■ **Problem details**: The required output is the lines from the one with "Reykjavík: 2-Day Tour" through the end of the data, repeated verbatim, with no pictures included.

■ **Dataset excerpt**:
== Segment start ==

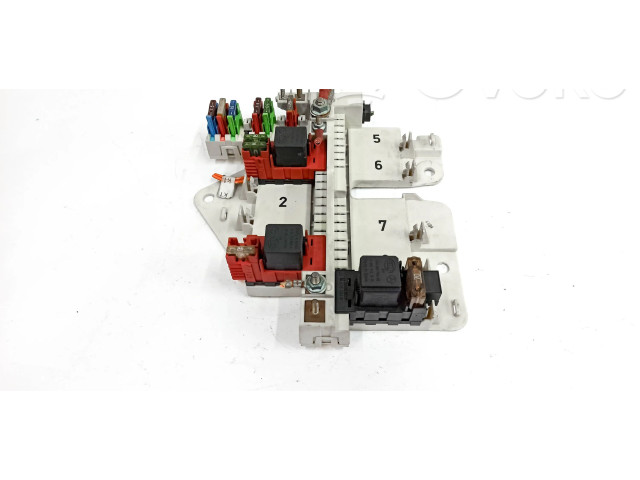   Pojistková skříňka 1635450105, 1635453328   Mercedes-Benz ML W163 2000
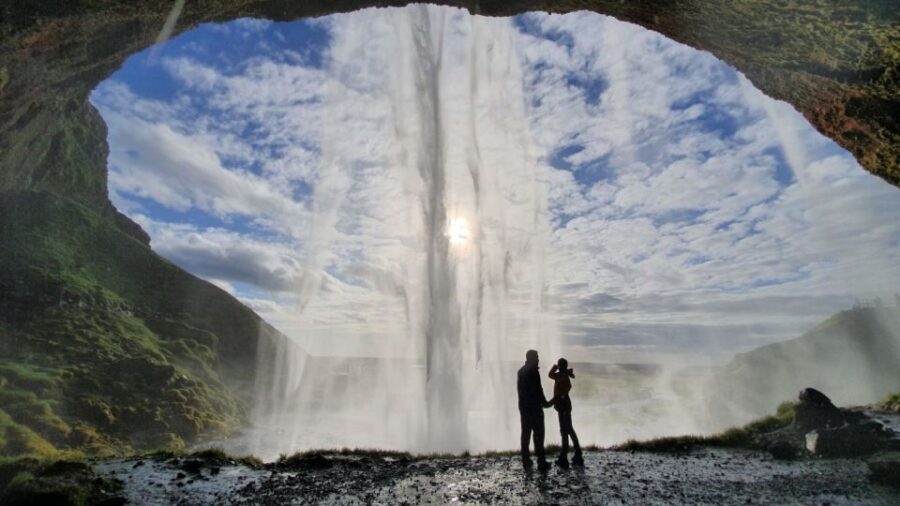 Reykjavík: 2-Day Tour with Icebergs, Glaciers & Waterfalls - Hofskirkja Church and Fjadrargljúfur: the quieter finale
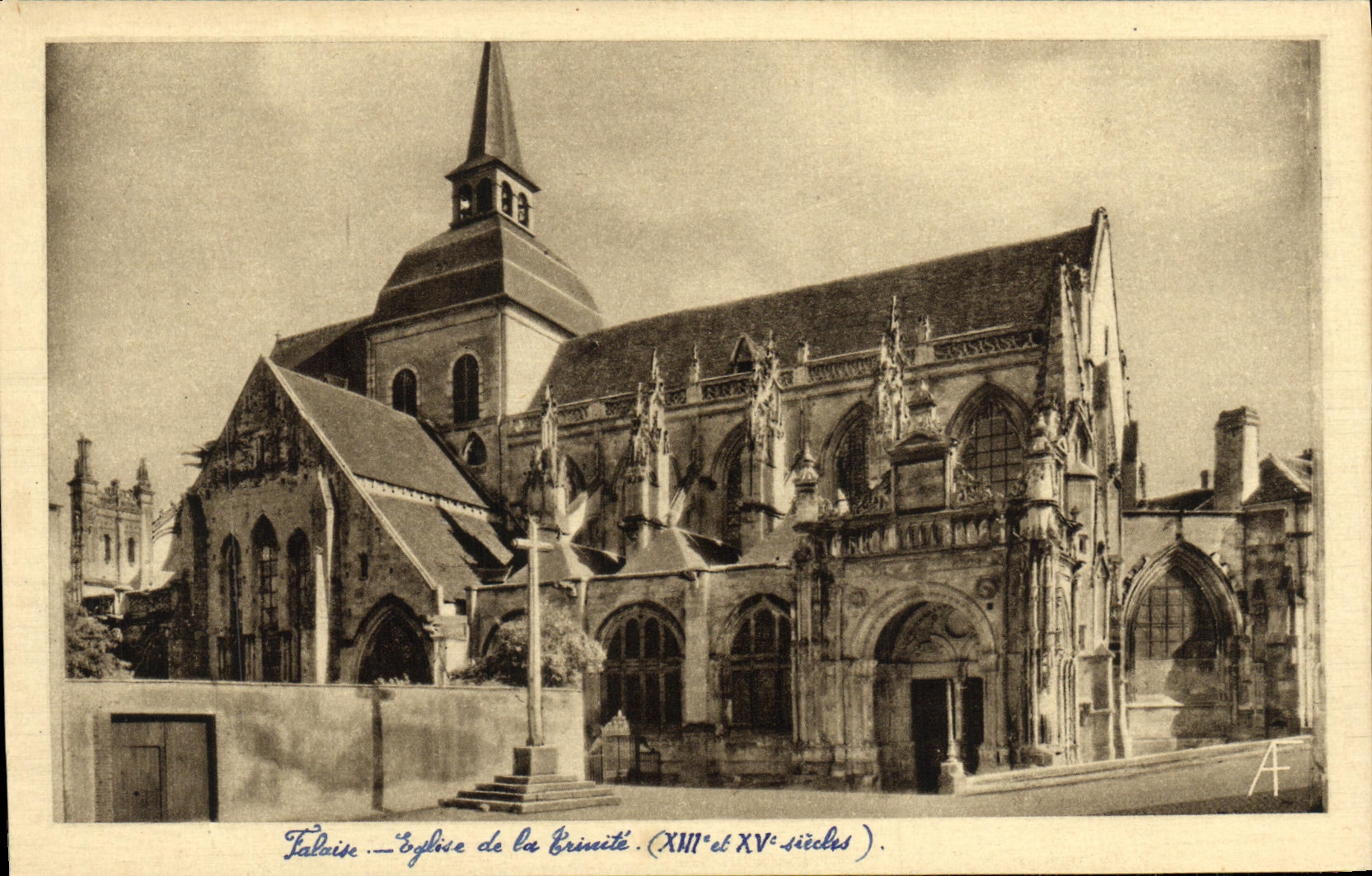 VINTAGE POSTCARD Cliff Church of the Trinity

== Segment end ==

■ **Written reply**:
 Reykjavík: 2-Day Tour with Icebergs, Glaciers & Waterfalls - Hofskirkja Church and Fjadrargljúfur: the quieter finale
 VINTAGE POSTCARD Cliff Church of the Trinity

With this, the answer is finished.